Mientras sus compañeros de generación eran seducidos por performances, instalaciones, arte conceptual, Caballero prefería el dibujo y la pintura figurativa, afinándolos con exasperación día tras día. Junto a Traba y guiado en la praxis por uno de sus maestros, Juan Antonio Roda, se convirtió en experto en historia del arte y estudió a fondo los frescos renacentistas, enfatizando en Velázquez y luego en el manierismo con Rosso y Bronzino…
Su obsesión por el arte religioso fue, sin duda, la que más influyó en su creación plástica. Cristos, mártires, vírgenes… Todo ese inagotable caudal de tallas y lienzos que a lo largo de siglos se erigió en simiente de la religión fue determinante en su arte. Otros maestros de la pintura universal que enriquecieron su obra pictórica: Vermeer y Rubens, y luego Francis Bacon, quien fue quizás el que más permeó su alma de artista único.
“Para mí, Bacon es un profeta… –escribió Caballero desde París a su amiga Beatriz González–. Mis conceptos sobre la pintura han cambiado totalmente. He renegado de todas mis meninas y estoy dedicado a copiar a Bacon de la manera más descarada”. Los dos creyeron en conocer y conducir el azar, no dejarlo inexplorado y hay, en los dos, paralelismos: angustia, rabia, dramatismo. Ámbitos ominosos que exudan agonía y éxtasis.

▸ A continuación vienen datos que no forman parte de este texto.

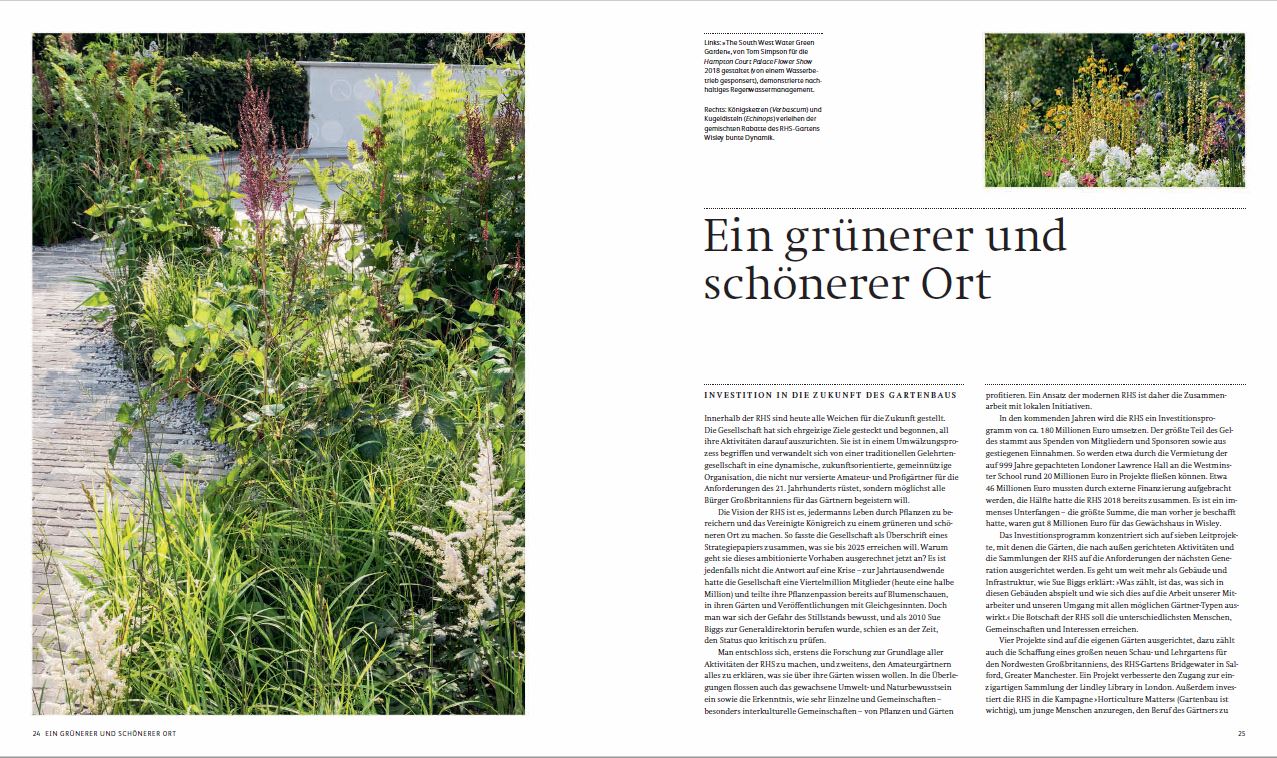 Ein üppiger, angelegter Garten, inspiriert von Mustergärten und der Royal Horticultural Society, gefüllt mit vielfältigen Pflanzen aus Gärtnern aus Leidenschaft vom Gerstenberg Verlag, säumt einen geschwungenen Weg. Deutscher Text erscheint auf weißem Hintergrund.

Pero los dos difieren en su esencia: Bacon construye una galería de personajes masacrados por su arte y sube a sus escenarios esperpentos y miembros desgarrados, Caballero pinta desnudos masculinos, solos o emparejados, y extrae de ellos el ánima convulsa de las pasiones humanas, de la cuales nada sabemos, solo que nacen fusionadas a nosotros. Anteriores a nosotros, deciden nuestros caminos.
“El mundo es profundo,/ y pensado aún más profundo es el día./ Profundo es su dolor,/ el gozo más profundo aún que el sufrimiento./ Dice el dolor: ¡pasa!/ Mas todo gozo quiere eternidad,/ ¡quiere profunda, profunda eternidad!”, Nietzsche.
Hombre de libros, el padre de Caballero viajó a Madrid en misión diplomática con sus hijos. Los llevaba a visitar museos y bibliotecas, y les pedía que memoricen y dibujen los cuadros de los grandes maestros y, en cuanto a lecturas, que hicieran resúmenes y comentarios de clásicos y modernos.
El artista fue un consumado lector; admiró a Sade, Miller, Bataille, Genet, Burroughs; a Robert Mapplethorpe, virtuoso de la fotografía en blanco y negro. Conocía poemas de la generación beat, pero el que más repetía era Aullido de Allen Ginsberg, insignia de una generación lacerada por un mundo que no está hecho para la poesía; de una poesía que no está hecha para el mundo, escrita, tal vez, porque nadie tiene razón para callar nada.
Angustia de vivir, angustia de crear. Luego de una segunda estancia en Madrid y París, donde seguía buscando la verdad de su arte, retornó a Bogotá. En su biografía escrita por su hermana Beatriz Caballero, se describe el taller que alquilaba como un espacio pequeño, cortinas de papel, por mesas una tabla sobre pedruscos, tarros de pintura, frascos de mayonesa con pinceles, herramientas, pegantes… y, anegándolo todo, dibujos, dibujos, dibujos…
Aunque el olvido es escudo contra el dolor y el morir, somos “nuestra memoria”. Imágenes desvaídas y dispersas por el aire impalpable del tiempo acaecen, sin que podamos atajarlas. Veo a Caballero delgado, ensimismado, distante, junto a figuras de la cultura colombiana –¿terminaban los 70 o empezaban los 80 del siglo XX?–. Andrés Caicedo, niño genio que traveseó con la vida y con la muerte; los hermanos Vallejo, José Manuel Arango, Jotamario Arbeláez… La mirada del gran artista tenía algo de felino herido: ¿huir o atacar?